**Directions:** Each line of the material must be reproduced exactly; pictures stay out.

**Source material:**
# # # #
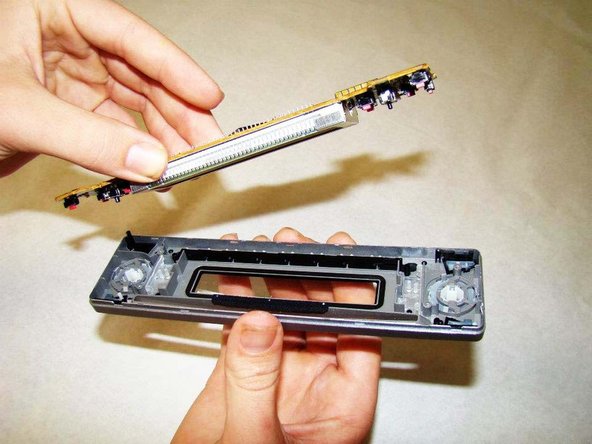 Sony Xplod CDX-MP30 LCD Replacement: crwdns2935265:05crwdnd2935265:02crwdnd2935265:02crwdne2935265:0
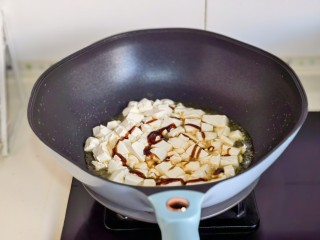 虾仁豆腐煲,加入蚝油。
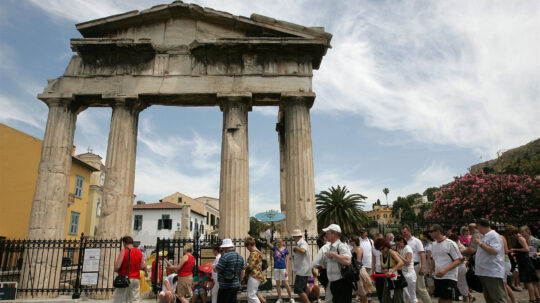 Οκτώ ανοικτά μέτωπα για τον ελληνικό τουρισμό
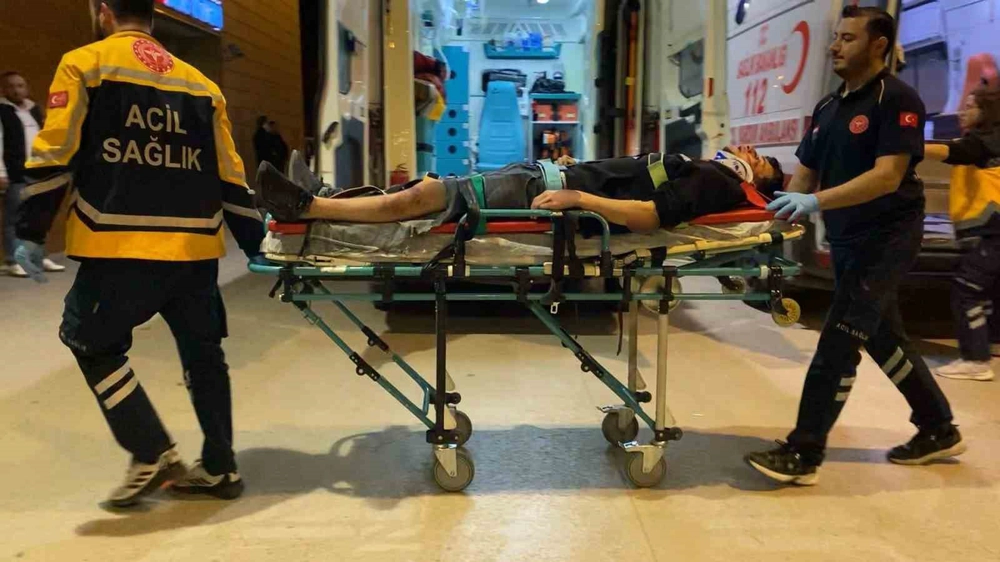 İnegöl'de Motosiklet ve Otomobil Çarpıştı: İki Genç Yaralandı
# # # #
**The answer:**
 Sony Xplod CDX-MP30 LCD Replacement: crwdns2935265:05crwdnd2935265:02crwdnd2935265:02crwdne2935265:0
 虾仁豆腐煲,加入蚝油。
 Οκτώ ανοικτά μέτωπα για τον ελληνικό τουρισμό
 İnegöl'de Motosiklet ve Otomobil Çarpıştı: İki Genç Yaralandı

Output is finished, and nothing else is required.